Die SPD-Fraktion wollte daher in der vergangenen Stadtverordnetensitzung ein Ergebnis in einem Satz feststellen lassen, dass die Vorwürfe gegen Bürgermeister Weiher aus den Akten nicht bestätigt werden konnten: "Die Aussprache darüber hatte nach Vorgabe der Juristen des Hessischen Städte- und Gemeindebundes in nichtöffentlicher Sitzung zu erfolgen. Warum die Festlegung des Ergebnisses in einem Satz eine ‚sinnentstellende Verkürzung‘ sein sollte, wie Wächter, CDU, Grüne und Linke nun behaupten, können wir nicht nachvollziehen“, so Akteneinsichtsausschussmitglied Simon Lach. „Es entspricht exakt dem, was diese Parteien und ihre Vertreter verklausuliert im Abschlussbericht festgehalten haben.“ Da die Mehrheit von Freien Wächtern, CDU, Grünen und Linken allerdings signalisiert hätten, dass sie dem SPD-Antrag nicht zustimmen wird und stattdessen weitere Monate mit Rechtsauskünften zum Abschlussbericht verschwenden und damit zusätzliche Kosten für den Steuerzahler verursachen wollte, habe die SPD ihren Antrag zurückgezogen.

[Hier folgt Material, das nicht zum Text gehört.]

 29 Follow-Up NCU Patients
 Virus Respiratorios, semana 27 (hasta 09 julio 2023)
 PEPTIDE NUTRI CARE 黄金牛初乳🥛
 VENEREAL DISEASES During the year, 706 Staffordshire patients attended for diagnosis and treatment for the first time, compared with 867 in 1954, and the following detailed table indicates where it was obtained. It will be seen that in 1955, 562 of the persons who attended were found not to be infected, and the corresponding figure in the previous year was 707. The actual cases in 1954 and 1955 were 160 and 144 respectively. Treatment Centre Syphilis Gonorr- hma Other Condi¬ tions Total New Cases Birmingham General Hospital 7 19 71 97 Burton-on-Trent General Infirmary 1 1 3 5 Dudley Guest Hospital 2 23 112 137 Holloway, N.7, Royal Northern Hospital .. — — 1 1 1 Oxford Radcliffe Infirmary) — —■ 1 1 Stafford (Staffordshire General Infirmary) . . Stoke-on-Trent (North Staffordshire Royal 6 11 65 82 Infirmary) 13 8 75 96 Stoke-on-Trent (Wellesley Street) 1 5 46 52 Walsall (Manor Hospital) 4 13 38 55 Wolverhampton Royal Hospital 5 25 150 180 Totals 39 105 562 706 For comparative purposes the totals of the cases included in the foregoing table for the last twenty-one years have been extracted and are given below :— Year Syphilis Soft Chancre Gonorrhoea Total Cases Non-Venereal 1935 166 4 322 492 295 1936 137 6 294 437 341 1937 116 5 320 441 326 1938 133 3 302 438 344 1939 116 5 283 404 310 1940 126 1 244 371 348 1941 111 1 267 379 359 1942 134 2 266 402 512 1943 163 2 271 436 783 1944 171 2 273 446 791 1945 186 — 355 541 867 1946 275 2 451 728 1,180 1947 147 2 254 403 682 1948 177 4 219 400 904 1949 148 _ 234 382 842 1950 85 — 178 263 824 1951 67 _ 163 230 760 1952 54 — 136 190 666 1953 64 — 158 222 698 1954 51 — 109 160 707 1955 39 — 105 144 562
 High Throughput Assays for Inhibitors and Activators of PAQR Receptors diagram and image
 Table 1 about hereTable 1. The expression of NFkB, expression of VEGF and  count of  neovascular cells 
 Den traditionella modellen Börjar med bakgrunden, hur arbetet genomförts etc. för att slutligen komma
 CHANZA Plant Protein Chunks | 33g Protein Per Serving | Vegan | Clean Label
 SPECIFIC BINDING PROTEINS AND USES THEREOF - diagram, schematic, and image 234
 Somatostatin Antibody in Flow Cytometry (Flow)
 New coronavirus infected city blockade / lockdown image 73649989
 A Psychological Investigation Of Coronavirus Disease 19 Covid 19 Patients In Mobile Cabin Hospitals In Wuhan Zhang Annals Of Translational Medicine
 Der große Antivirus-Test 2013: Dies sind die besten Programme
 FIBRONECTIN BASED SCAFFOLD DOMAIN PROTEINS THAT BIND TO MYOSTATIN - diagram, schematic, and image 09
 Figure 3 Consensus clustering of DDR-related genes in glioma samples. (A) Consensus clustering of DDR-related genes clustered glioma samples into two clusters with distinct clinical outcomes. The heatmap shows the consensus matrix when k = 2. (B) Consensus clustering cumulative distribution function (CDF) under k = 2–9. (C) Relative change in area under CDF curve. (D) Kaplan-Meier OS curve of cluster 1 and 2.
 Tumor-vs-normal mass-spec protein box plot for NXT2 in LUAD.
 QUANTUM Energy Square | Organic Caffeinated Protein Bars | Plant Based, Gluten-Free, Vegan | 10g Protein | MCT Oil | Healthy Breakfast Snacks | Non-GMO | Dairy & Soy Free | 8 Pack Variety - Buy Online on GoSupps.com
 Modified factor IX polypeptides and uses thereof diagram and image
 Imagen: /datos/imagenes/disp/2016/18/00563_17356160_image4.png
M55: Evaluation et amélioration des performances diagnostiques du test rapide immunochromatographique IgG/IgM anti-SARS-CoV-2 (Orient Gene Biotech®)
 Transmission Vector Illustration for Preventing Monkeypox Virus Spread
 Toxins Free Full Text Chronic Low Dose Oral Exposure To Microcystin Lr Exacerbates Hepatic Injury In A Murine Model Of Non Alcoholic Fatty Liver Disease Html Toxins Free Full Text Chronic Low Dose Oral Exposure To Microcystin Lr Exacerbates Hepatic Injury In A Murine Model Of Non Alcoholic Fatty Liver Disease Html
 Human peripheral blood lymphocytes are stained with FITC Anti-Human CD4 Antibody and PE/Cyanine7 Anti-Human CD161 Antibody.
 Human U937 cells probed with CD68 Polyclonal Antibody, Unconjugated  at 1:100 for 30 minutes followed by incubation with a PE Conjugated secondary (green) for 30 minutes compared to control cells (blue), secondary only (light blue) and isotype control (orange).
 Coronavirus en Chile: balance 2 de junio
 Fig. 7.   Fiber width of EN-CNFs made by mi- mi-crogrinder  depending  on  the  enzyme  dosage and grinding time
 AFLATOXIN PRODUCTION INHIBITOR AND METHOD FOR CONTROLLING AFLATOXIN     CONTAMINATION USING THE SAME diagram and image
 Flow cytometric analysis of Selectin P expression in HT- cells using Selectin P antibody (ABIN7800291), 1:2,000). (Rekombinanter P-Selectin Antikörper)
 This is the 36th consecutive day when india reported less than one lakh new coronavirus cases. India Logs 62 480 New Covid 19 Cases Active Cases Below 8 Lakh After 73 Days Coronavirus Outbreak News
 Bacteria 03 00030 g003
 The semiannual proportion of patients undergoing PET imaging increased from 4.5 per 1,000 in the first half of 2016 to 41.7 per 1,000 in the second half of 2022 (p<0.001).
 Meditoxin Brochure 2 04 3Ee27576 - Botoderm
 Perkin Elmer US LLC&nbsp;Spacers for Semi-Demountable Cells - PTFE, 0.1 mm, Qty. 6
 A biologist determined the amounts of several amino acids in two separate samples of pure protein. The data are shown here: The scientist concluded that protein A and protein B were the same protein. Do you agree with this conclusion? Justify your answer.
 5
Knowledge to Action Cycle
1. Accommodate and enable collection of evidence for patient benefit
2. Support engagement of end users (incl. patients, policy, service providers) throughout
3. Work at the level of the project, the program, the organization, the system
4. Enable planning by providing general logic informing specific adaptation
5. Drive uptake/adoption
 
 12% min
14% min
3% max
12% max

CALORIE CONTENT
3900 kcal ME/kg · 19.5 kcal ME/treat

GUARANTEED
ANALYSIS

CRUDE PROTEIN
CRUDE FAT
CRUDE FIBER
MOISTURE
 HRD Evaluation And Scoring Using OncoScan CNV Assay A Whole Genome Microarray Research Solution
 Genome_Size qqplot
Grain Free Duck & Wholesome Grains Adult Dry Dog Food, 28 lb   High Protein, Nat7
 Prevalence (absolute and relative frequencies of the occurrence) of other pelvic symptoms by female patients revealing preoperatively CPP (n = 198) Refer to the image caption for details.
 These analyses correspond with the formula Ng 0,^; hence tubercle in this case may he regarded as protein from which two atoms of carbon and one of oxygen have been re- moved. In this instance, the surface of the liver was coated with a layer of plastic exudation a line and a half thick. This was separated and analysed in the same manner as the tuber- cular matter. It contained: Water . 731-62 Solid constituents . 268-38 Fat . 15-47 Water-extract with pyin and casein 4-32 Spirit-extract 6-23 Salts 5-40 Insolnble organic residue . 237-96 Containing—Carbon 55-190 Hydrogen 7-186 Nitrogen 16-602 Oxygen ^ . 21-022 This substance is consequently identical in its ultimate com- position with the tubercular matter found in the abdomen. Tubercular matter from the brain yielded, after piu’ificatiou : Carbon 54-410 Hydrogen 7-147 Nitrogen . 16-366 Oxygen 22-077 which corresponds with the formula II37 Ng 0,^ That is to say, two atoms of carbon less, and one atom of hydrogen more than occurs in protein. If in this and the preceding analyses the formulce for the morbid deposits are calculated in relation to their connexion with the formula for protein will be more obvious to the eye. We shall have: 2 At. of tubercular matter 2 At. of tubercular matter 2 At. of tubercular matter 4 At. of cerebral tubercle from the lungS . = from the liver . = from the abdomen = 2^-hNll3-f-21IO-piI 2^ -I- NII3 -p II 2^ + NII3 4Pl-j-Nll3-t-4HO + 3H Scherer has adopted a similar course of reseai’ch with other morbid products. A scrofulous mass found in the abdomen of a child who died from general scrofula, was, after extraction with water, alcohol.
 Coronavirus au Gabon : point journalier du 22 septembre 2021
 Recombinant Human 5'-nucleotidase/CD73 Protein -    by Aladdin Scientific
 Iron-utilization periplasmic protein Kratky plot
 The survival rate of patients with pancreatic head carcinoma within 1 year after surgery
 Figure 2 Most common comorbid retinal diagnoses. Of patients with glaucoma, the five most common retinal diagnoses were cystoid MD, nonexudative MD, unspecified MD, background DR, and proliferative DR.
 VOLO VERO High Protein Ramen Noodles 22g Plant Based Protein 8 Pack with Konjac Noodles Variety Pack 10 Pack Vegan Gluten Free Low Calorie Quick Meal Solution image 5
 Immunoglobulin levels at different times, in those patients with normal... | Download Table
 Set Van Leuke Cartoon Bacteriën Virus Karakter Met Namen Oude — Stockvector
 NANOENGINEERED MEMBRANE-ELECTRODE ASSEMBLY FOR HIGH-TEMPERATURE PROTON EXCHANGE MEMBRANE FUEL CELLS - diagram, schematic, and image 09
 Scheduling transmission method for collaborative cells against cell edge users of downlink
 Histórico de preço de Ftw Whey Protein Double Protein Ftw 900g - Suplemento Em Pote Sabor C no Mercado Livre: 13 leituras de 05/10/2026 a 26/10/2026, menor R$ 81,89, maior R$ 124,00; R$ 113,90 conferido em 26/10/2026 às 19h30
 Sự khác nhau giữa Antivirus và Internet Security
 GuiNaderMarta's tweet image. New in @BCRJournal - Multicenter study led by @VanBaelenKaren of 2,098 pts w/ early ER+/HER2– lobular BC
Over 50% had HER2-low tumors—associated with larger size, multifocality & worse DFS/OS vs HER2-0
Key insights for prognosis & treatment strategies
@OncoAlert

„Diese Politposse dauert schon zu lange und hat die Wächtersbacher Bürger bereits jetzt circa 10.000 Euro gekostet. Irgendwann ist es auch mal gut“, so Fraktionsvorsitzender Harald Krügel. „Es ist schade, dass man den Ausschuss nicht paritätisch mit acht Personen besetzt hat, so wie die SPD es zunächst vorgeschlagen hatte. Dann hätte es am Ende ein gemeinsames Ergebnis geben müssen, dass die Aktenlage widerspiegelt.“ Dass hier nicht nur der Ruf eines Amtsträgers, sondern auch der Stadt und einer Privatperson sowie das Vertrauen in die Politik gravierend beschädigt wurden, ist das beschämende Ergebnis des ersten Wächtersbacher Akteneinsichtsausschusses. „Es ist traurig, dass die Initiatoren des Ausschusses nicht zugeben können, dass sie keine Belege für ihre Vorwürfe gefunden haben“, so der SPD-Vorsitzende Jan Frederik Beyer. „Aber die Öffentlichkeit hat ein Recht darauf, dies zu erfahren.“ Deshalb begrüßt die SPD, dass Bürgermeister Andreas Weiher angekündigt hat, die Vorwürfe auf eigene Initiative hin von der Kommunalaufsicht überprüfen zu lassen.